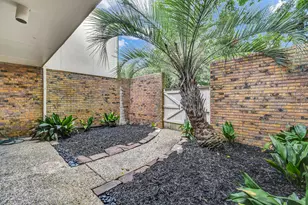 55 Chervil Common, Lake Jackson, TX 77566 - Photo 2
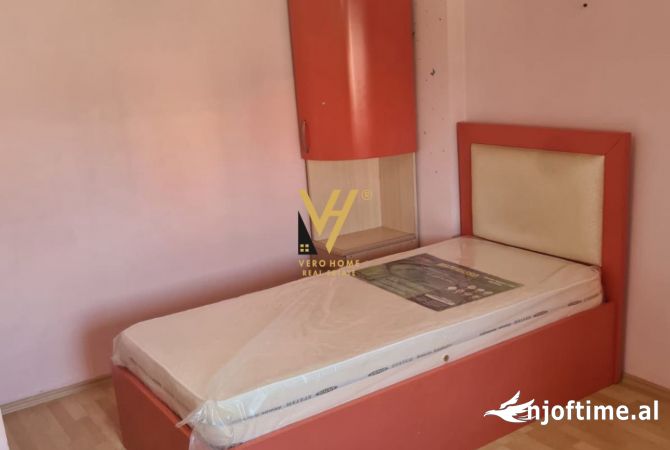 Shtepi me qera Apartament ne Tirane, 2+1, Mobilimi E mobiluar, Pagesa 700  Euro.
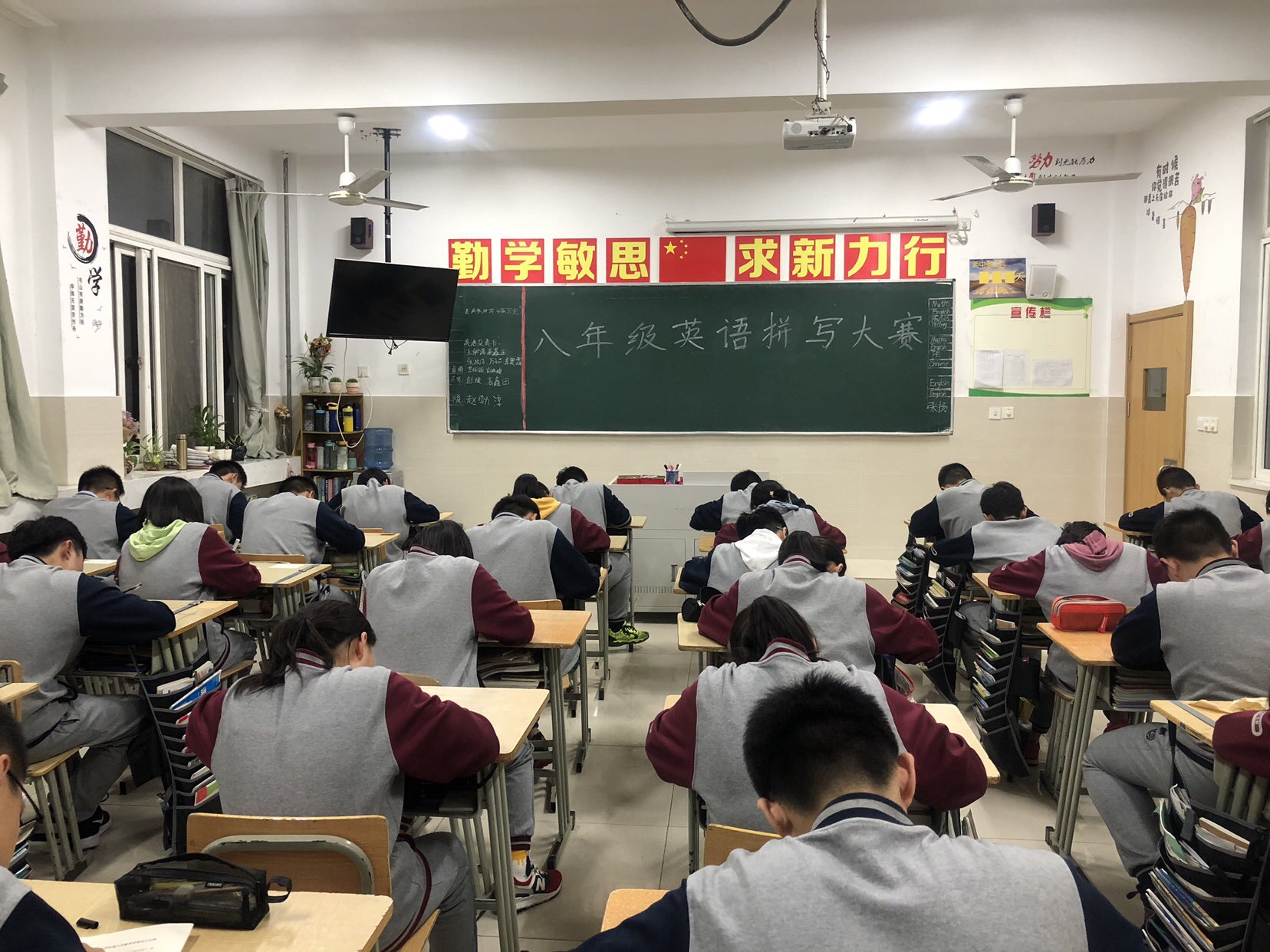 英语书写展风采 单词竞赛争高下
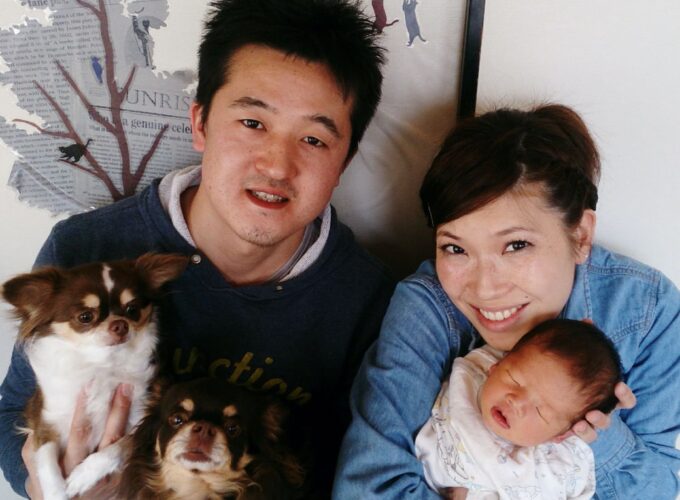 産まれたばかりの赤ちゃんと筆者の家族写真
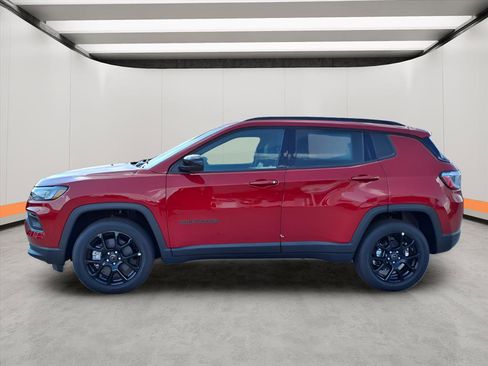 New 2026 Jeep Compass Latitude image 4
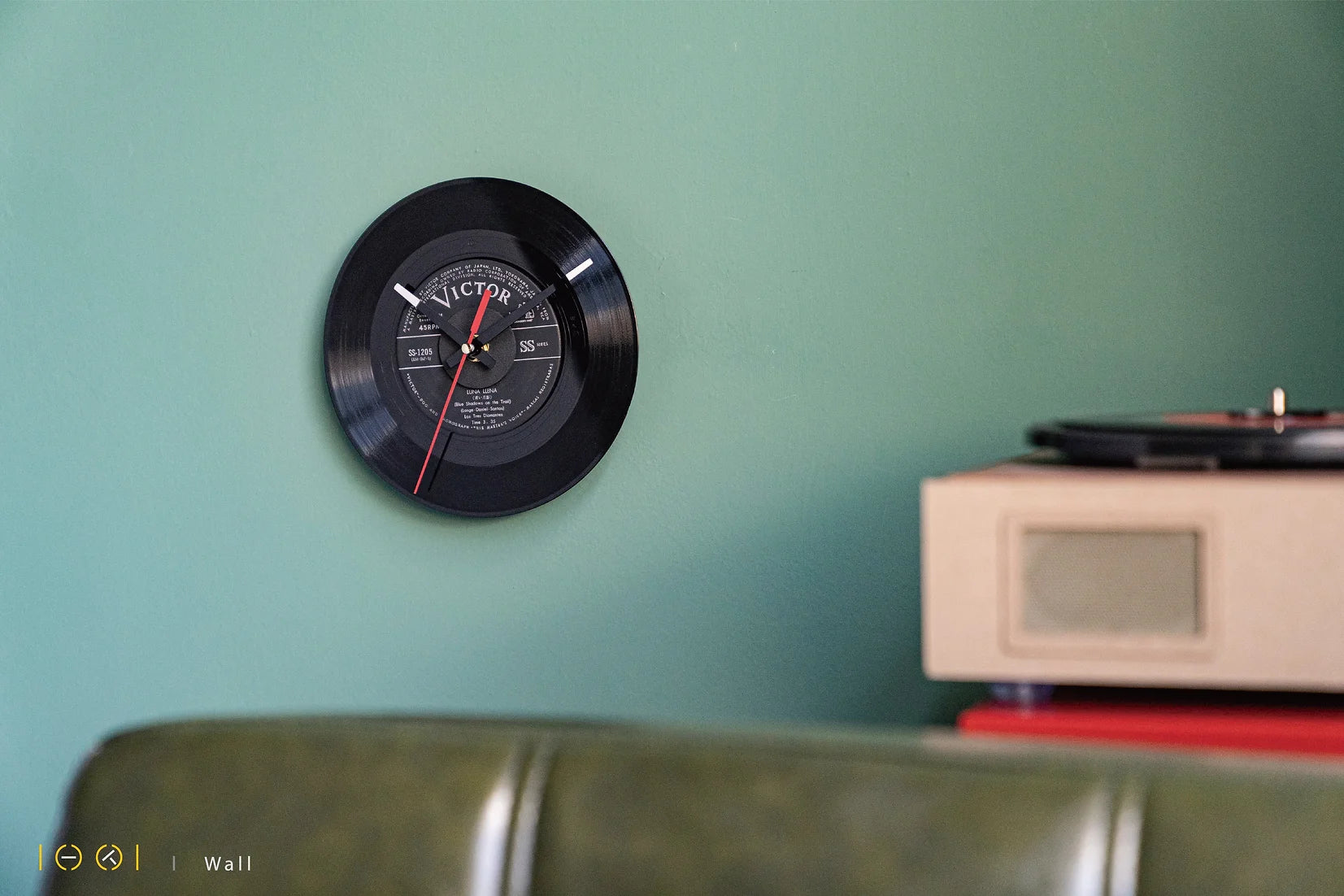 Vinyl Re'clock | 1001 - Wake Concept Store  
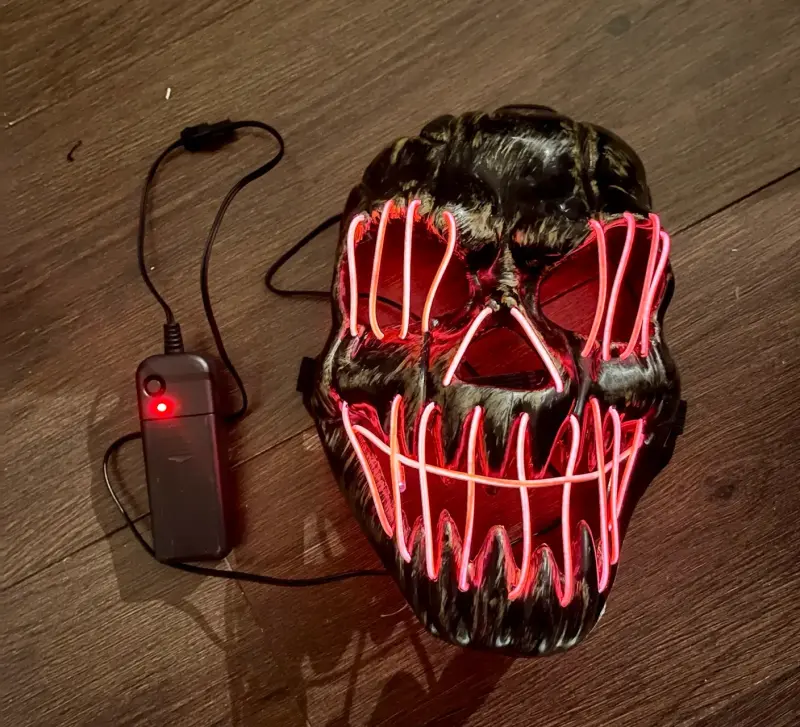 Máscara LED de Halloween con luces rojas - 1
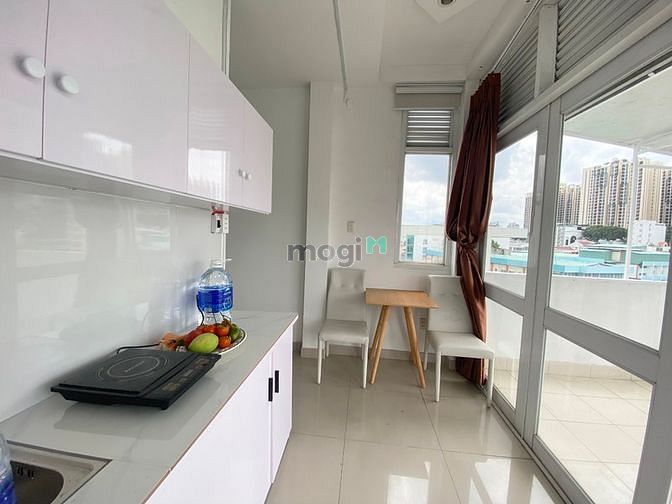 Hình ảnh Cho thuê penhouse 2PN ban công Điện Biên Phủ Q3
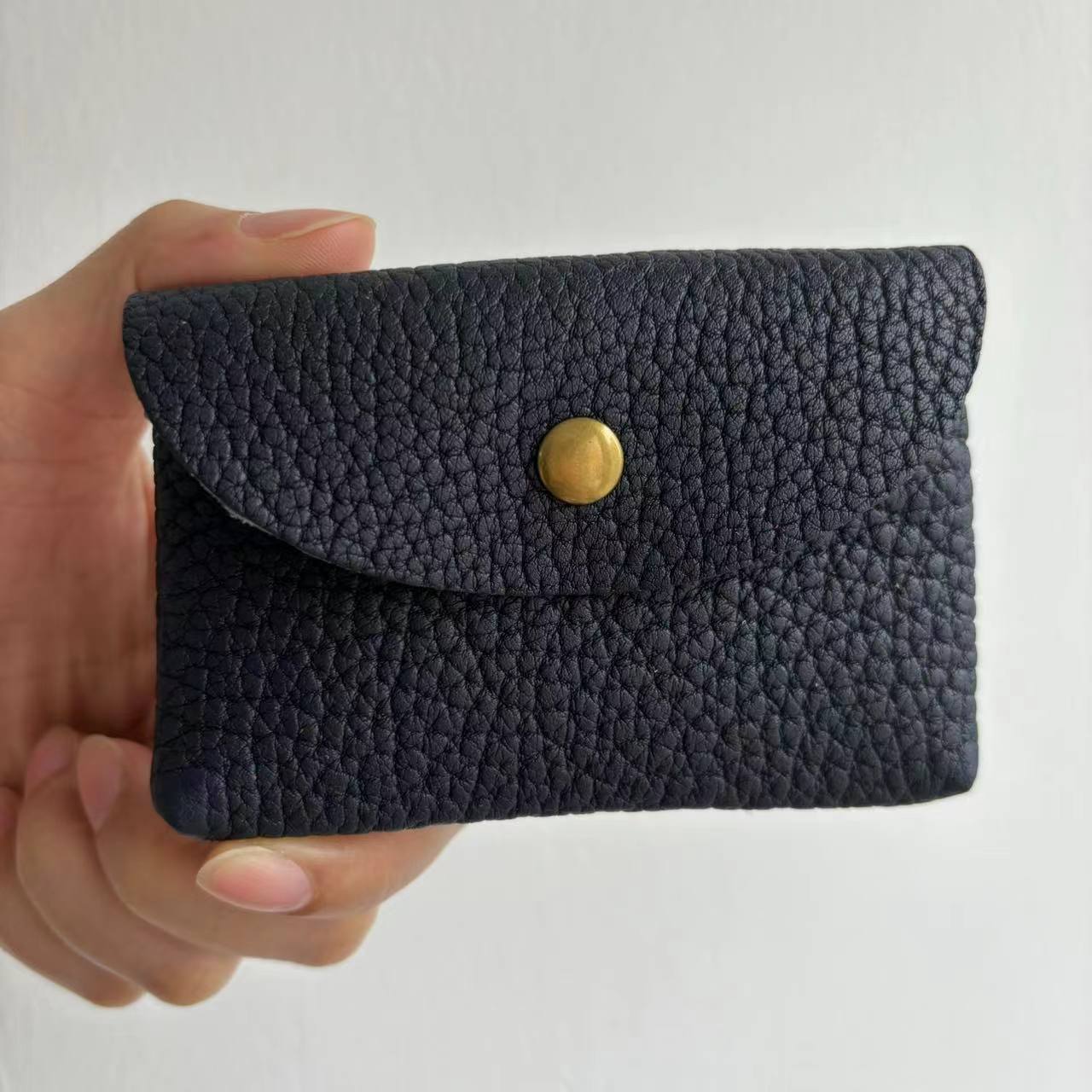 Women's & Men's & Cattlehide Leather Fashion Hidden Hook Card Holder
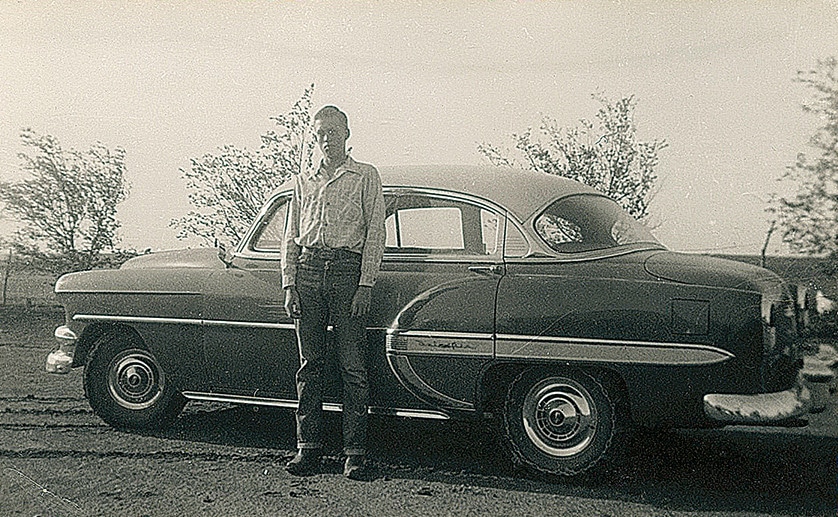 Пробка на колёсах: мастер превратил развалившуюся малолитражку в звезду авто-шоу Пробка на колёсах: мастер превратил развалившуюся малолитражку в звезду авто-шоу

——

Task directions: Pictures in the material above should be skipped; print exactly the lines from the one with "Shtepi me qera" through the one with "Máscara LED de Halloween con luces rojas - 1".

Task response:
 Shtepi me qera Apartament ne Tirane, 2+1, Mobilimi E mobiluar, Pagesa 700  Euro.
 英语书写展风采 单词竞赛争高下
 産まれたばかりの赤ちゃんと筆者の家族写真
 New 2026 Jeep Compass Latitude image 4
 Vinyl Re'clock | 1001 - Wake Concept Store  
 Máscara LED de Halloween con luces rojas - 1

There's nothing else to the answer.